The integration also extends into the real world, with promotions for the video game in Champs' 600 stores, where employees will be given copies of EA Sports games as sales incentives, in-store monitors will show EA game highlights, and kiosks will allow shoppers to play "Arena Football" and win Champs merchandise. The two companies will aggressively co-market throughout their media mix.
To reach the elusive 13-to-34-year-old male demographic, marketers are making deeper integration deals with video game publishers, becoming pivotal parts of the game play and offering their real-world assets, like media spending and uncluttered real estate, to hype the titles. Microsoft Corp., with its new Xbox 360, is bringing advertisers further into gamers' lives with chances to build low-cost advergames, and offer rewards and downloads to juice up game play.
The $10 billion U.S. video game business continues to grow-it already eclipses the domestic box office-as does the interest from blue-chip marketers across fast-food, automotive, wireless, movies, music and other big-spending categories. Game developers have formed in-house divisions specifically to deal with the business, as Nielsen Entertainment projects that ad spending will jump from $75 million in 2005 to upwards of $800 million by the end of the decade.
"Advertisers looked at the last few years as a trial," says Julie Shumaker, Electronic Arts' national director-sales. "Now, they're putting real dollars behind it."
Though she wouldn't give specific figures, Ms. Shumaker says her ad sales have been increasing 50% each year since 2001. She expects to see comparable or larger increases this year.

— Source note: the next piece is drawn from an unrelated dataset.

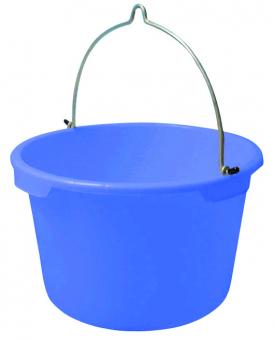 Kranbarer Mörtelkübel 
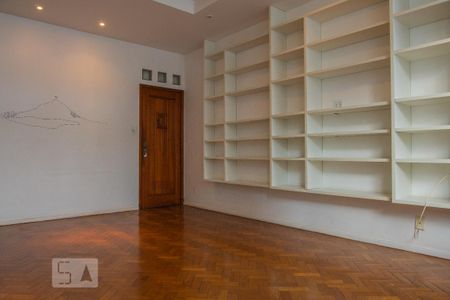 Apartamento para alugar com 225m², 4 quartos e 1 vaga Apartamento para alugar com 225m², 4 quartos e 1 vagaSala 1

Advertisers have seen that young males, specifically 18-to-24-year-olds, are increasingly turning their backs on TV and multiplexes in favor of video games and the Internet. Making the area even more attractive, a recent study from Nielsen and game publisher Activision shows that gamers not only accept brands embedded into games but can be persuaded to buy the products if the integration is relevant and authentic.
Advertising in videogames has been attractive for years to a core group of marketers like McDonald's Corp., PepsiCo, General Motors Corp., Samsung, Procter & Gamble Co. and Nike. With the launch of Xbox 360 and the upcoming release of Sony PlayStation 3, the medium is likely to draw in more advertisers because those systems link up easily to the Internet. Currently, about 10% of gamers play online, but that is expected to jump to at least 50% this year.
Paramount Pictures quickly became the first film studio to tap into Xbox 360's capabilities, premiering a high-definition trailer for this summer's "Mission: Impossible III." Microsoft executives, who say Xbox 360 is on its way to selling 3 million units worldwide, are in talks with numerous marketers that want to explore advergames, dynamic product placement, downloads, sponsored tournaments and other ad-friendly features of the new console. Some of those opportunities existed only on PCs before.
"Because it's a living machine, advertisers have more flexibility and options," says Chris DiCesare, director-product marketing at Microsoft Game Studios. "We're seeing marketers that want to develop content and programs specifically for this platform."
Executives at Activision, which has worked with Kraft Foods, AT&T, Burger King Corp., Motorola and Hewlett-Packard Co., say marketers are becoming partial to franchise properties that have new titles coming out year after year. They want to sew up category exclusivity, making long-term deals with the publisher. Those alliances mean the two partners have a close ongoing relationship, allowing the game publisher to better understand the brand and how to incorporate it into game development.
"When you nurture the relationships, the partners will take you everywhere they go," says Paula Cuneo, senior manager of in-game licensing at Activision. "That's a huge advantage and a significant addition to our own marketing for a title."